THE PROBLEM
Go to the line holding "Manisha Koirala Instagram" in the data below and repeat it exactly, then each line after it up to and including the one holding "Peake Wood Cemetery景点图片". Omit pictures.

LISTED ENTRIES
--------------------------------------------------
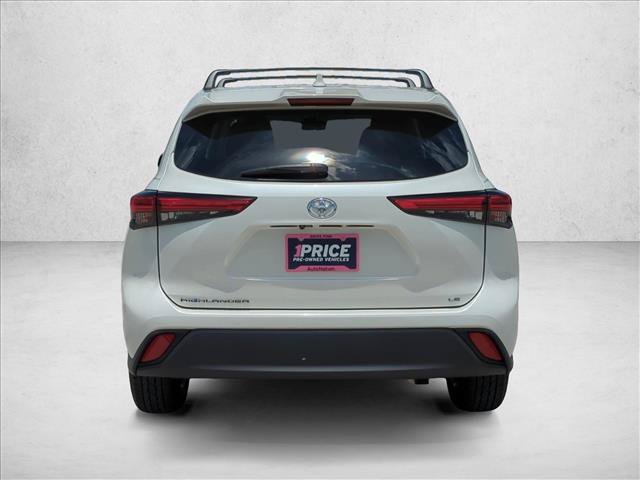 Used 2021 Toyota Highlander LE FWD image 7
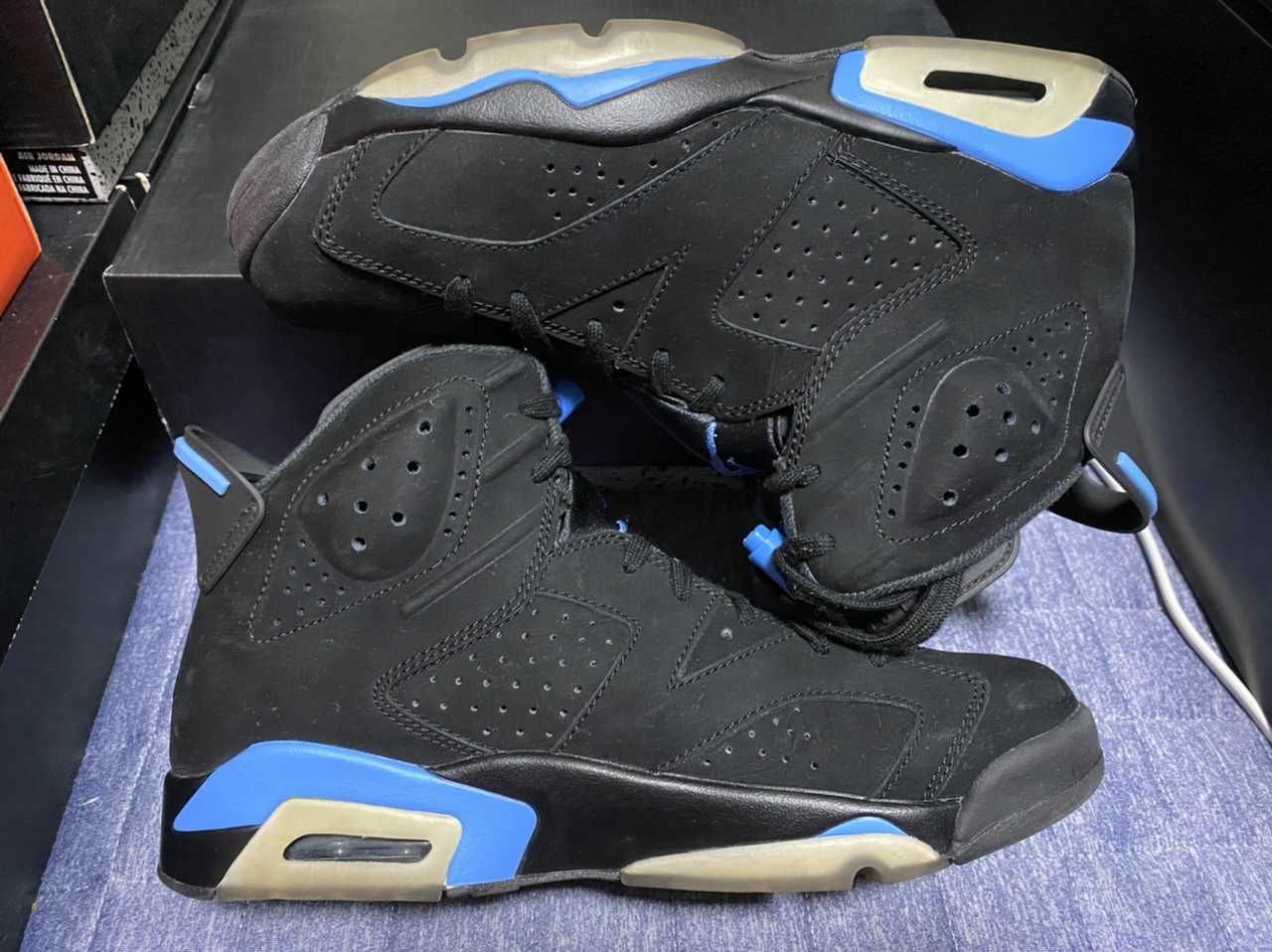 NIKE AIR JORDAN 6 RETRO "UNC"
--------------------------------------------------
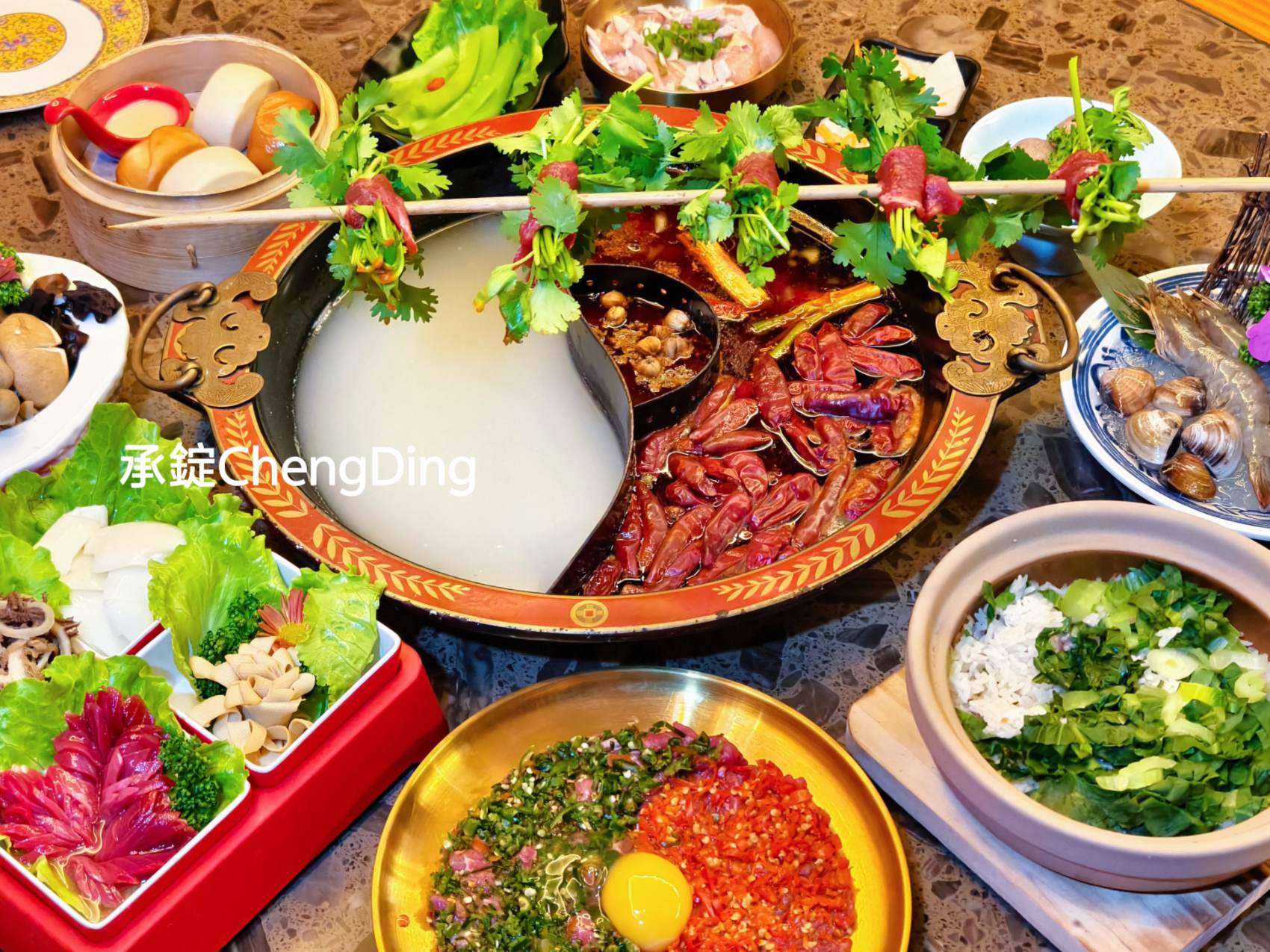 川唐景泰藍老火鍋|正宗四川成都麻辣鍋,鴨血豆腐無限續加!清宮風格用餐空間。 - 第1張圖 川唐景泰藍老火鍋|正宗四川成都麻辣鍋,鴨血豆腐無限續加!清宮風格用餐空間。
--------------------------------------------------
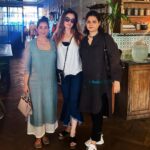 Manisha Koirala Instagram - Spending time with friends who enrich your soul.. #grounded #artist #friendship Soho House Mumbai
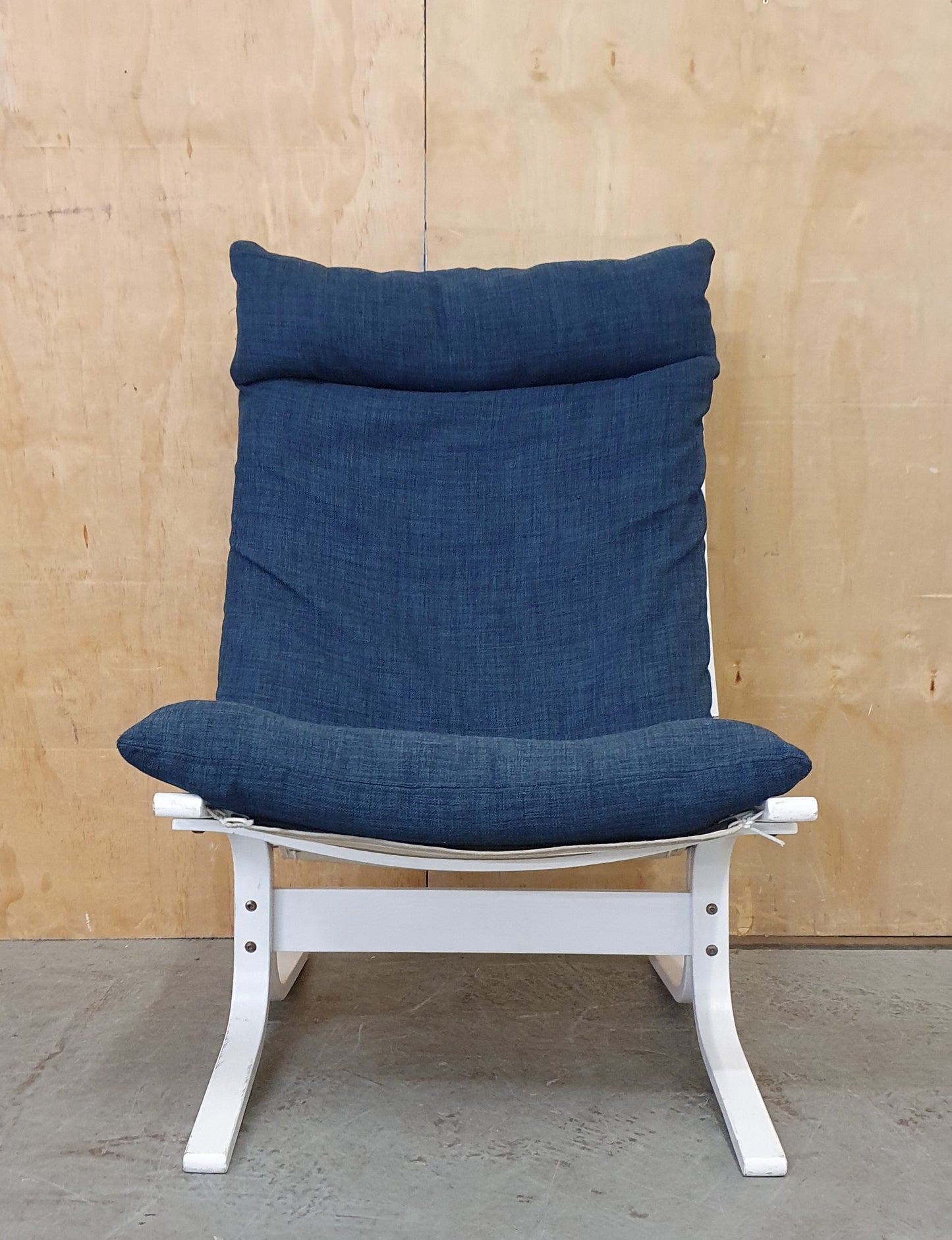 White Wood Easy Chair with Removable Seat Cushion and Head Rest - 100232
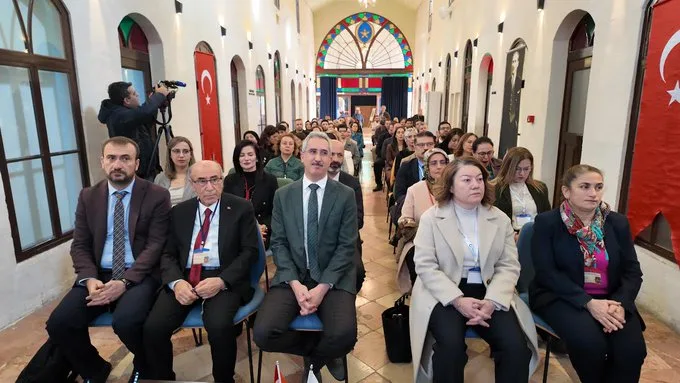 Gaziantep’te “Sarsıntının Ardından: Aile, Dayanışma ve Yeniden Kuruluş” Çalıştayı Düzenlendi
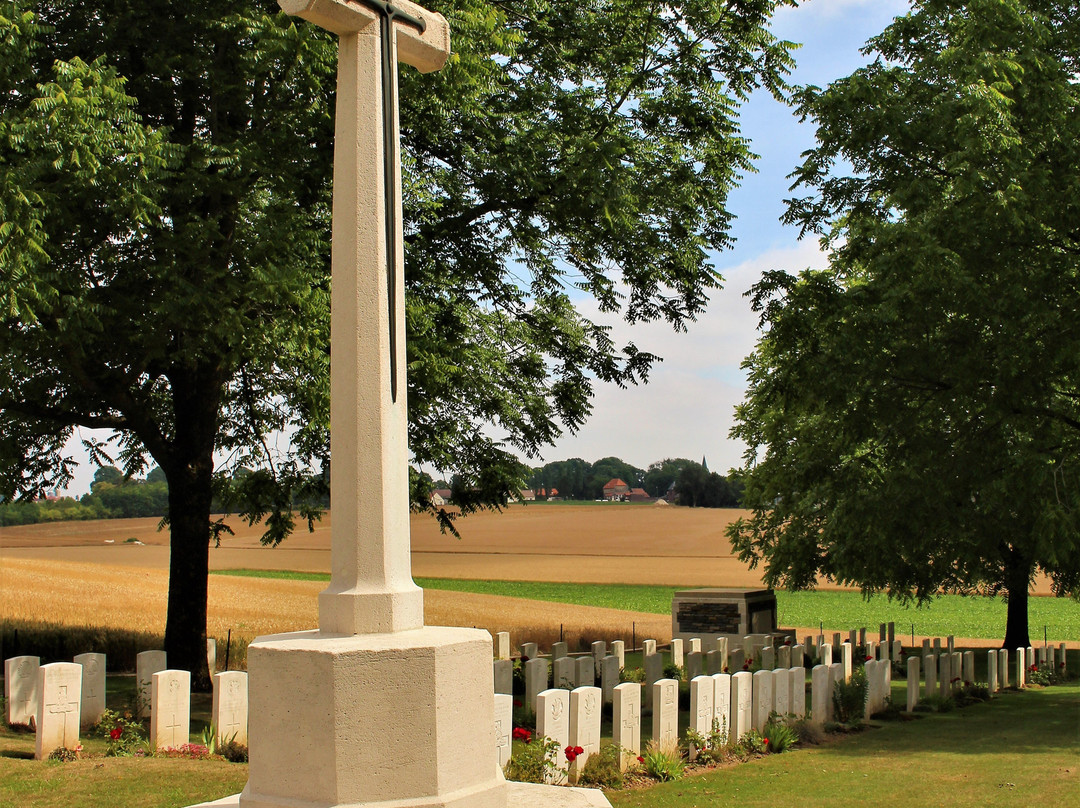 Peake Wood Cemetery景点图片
--------------------------------------------------
SOLUTION TO THIS TASK
 Manisha Koirala Instagram - Spending time with friends who enrich your soul.. #grounded #artist #friendship Soho House Mumbai
 White Wood Easy Chair with Removable Seat Cushion and Head Rest - 100232
 Gaziantep’te “Sarsıntının Ardından: Aile, Dayanışma ve Yeniden Kuruluş” Çalıştayı Düzenlendi
 Peake Wood Cemetery景点图片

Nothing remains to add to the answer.